++++ MATERIAL PROVIDED ++++
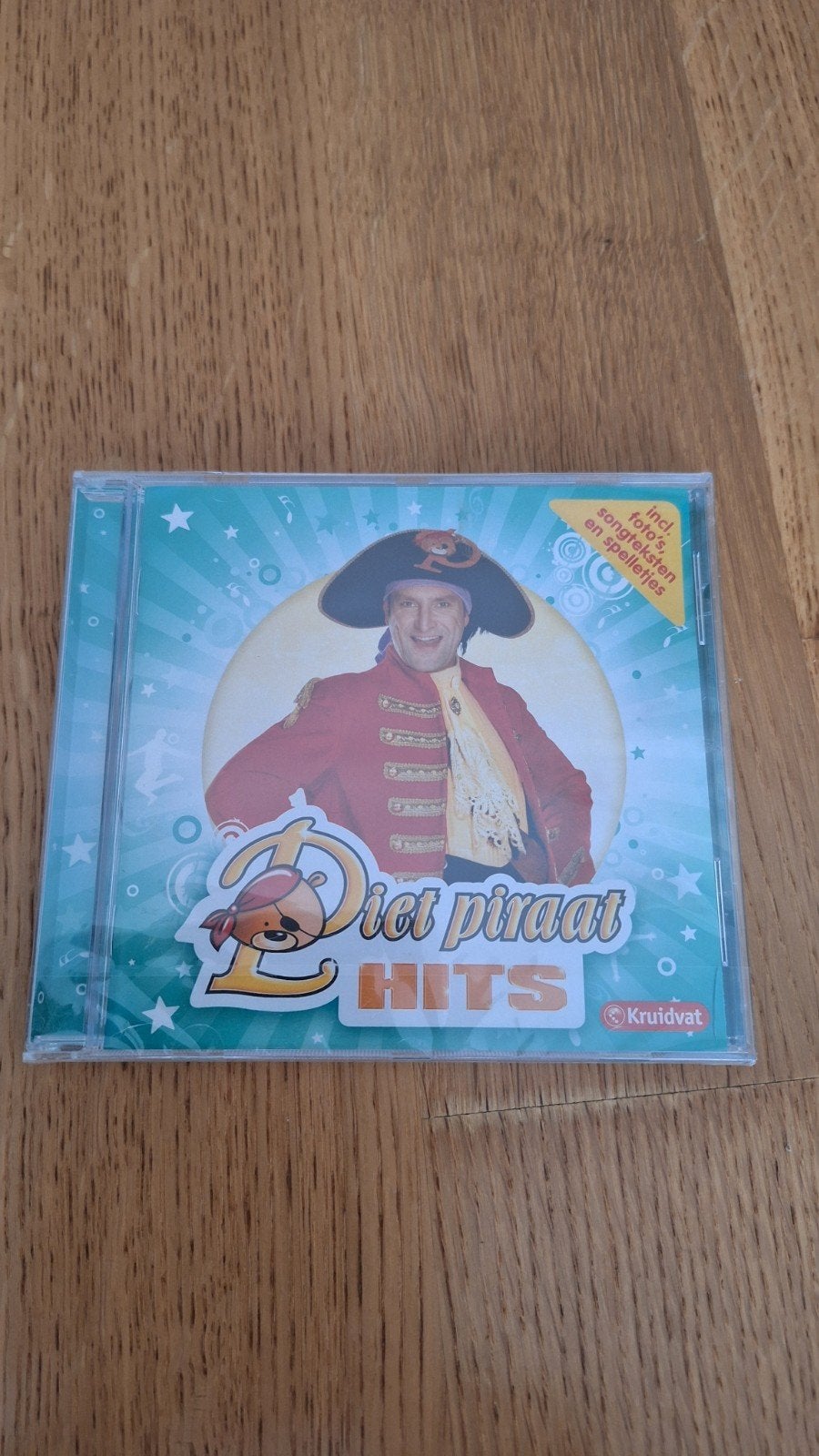 Piet Piraat Hits CD - Nieuw in verpakking, 3 tot 5 jaar, Ophalen of Verzenden, Inclusief boekje, Album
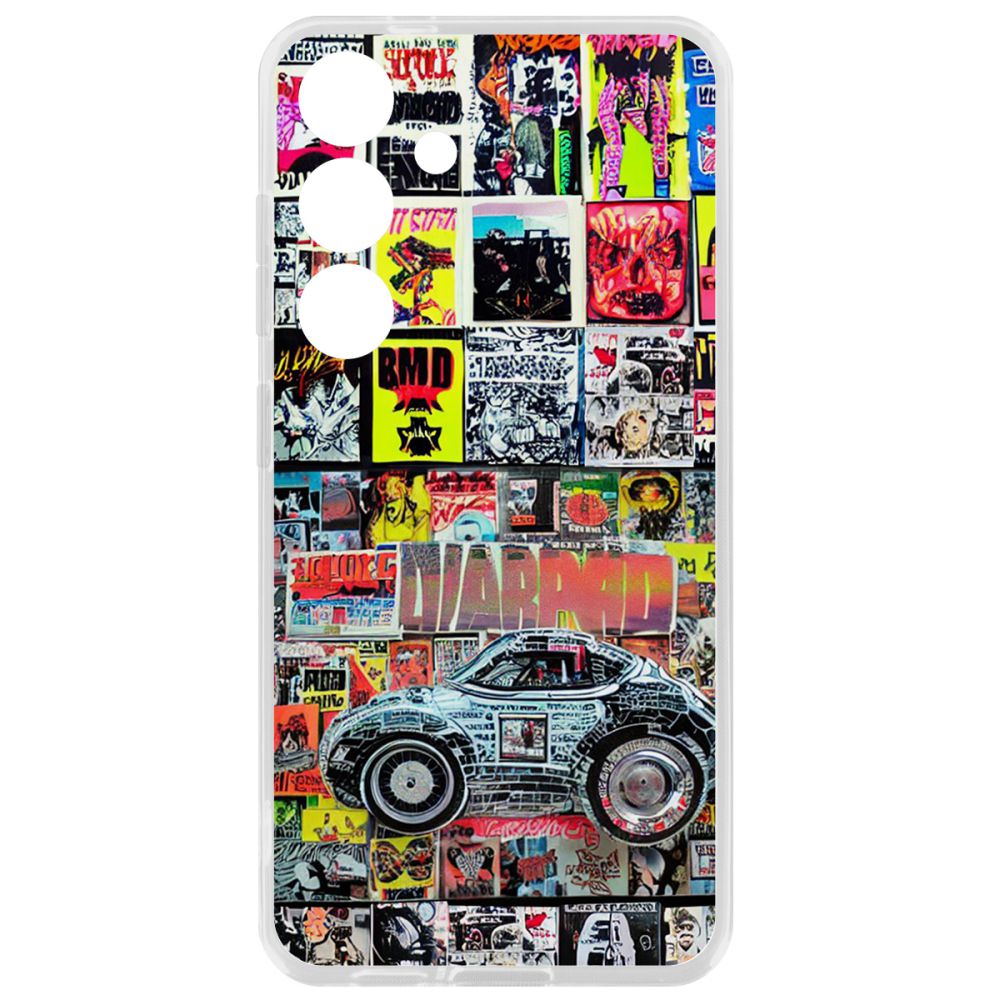 

Чехол-накладка Krutoff Clear Case Автопамфлет для Samsung Galaxy S24+, Прозрачный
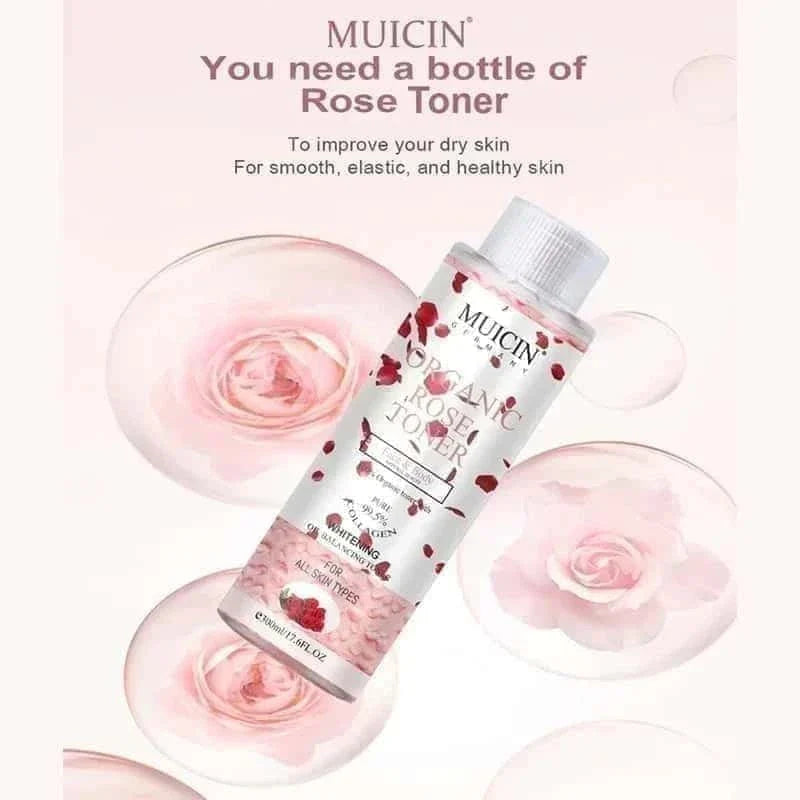 Organic Rose Hydration Toner - Muicin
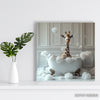 Giraffe Bath Time Art - View 5
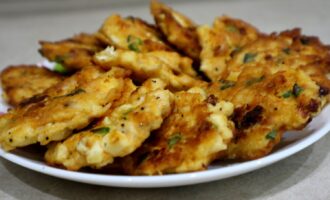 Завтрак из курицы и плавленого сырка
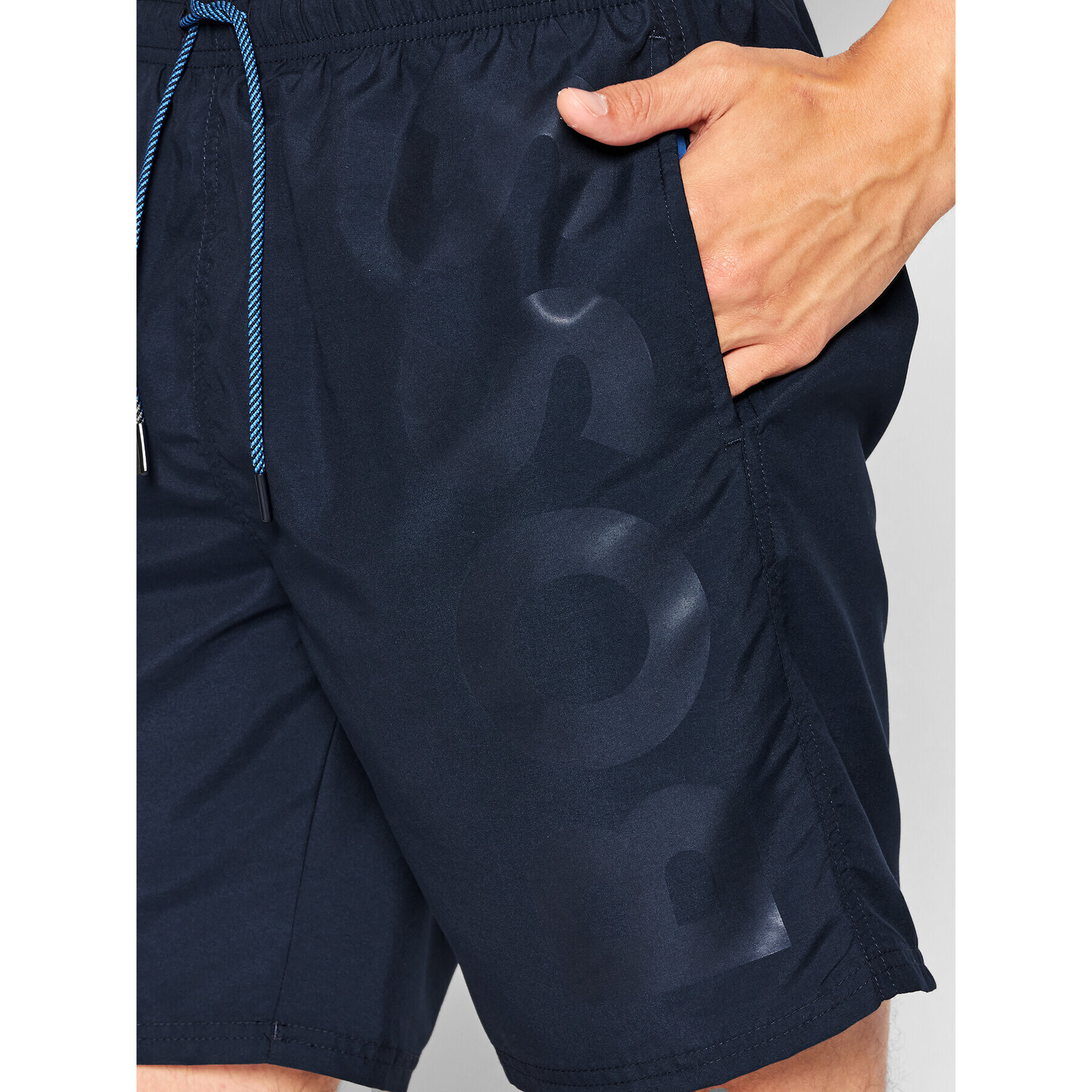 Boss Плувни шорти Orca 50469614 Тъмносин Regular Fit - Pepit.bg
++++
WHAT THE TASK REQUIRES:
When you reach the line that contains "Завтрак из курицы и плавленого сырка" in the records above, copy it and every line after it exactly through the last one, leaving out the pictures.

RESPONSE AREA:
 Завтрак из курицы и плавленого сырка
 Boss Плувни шорти Orca 50469614 Тъмносин Regular Fit - Pepit.bg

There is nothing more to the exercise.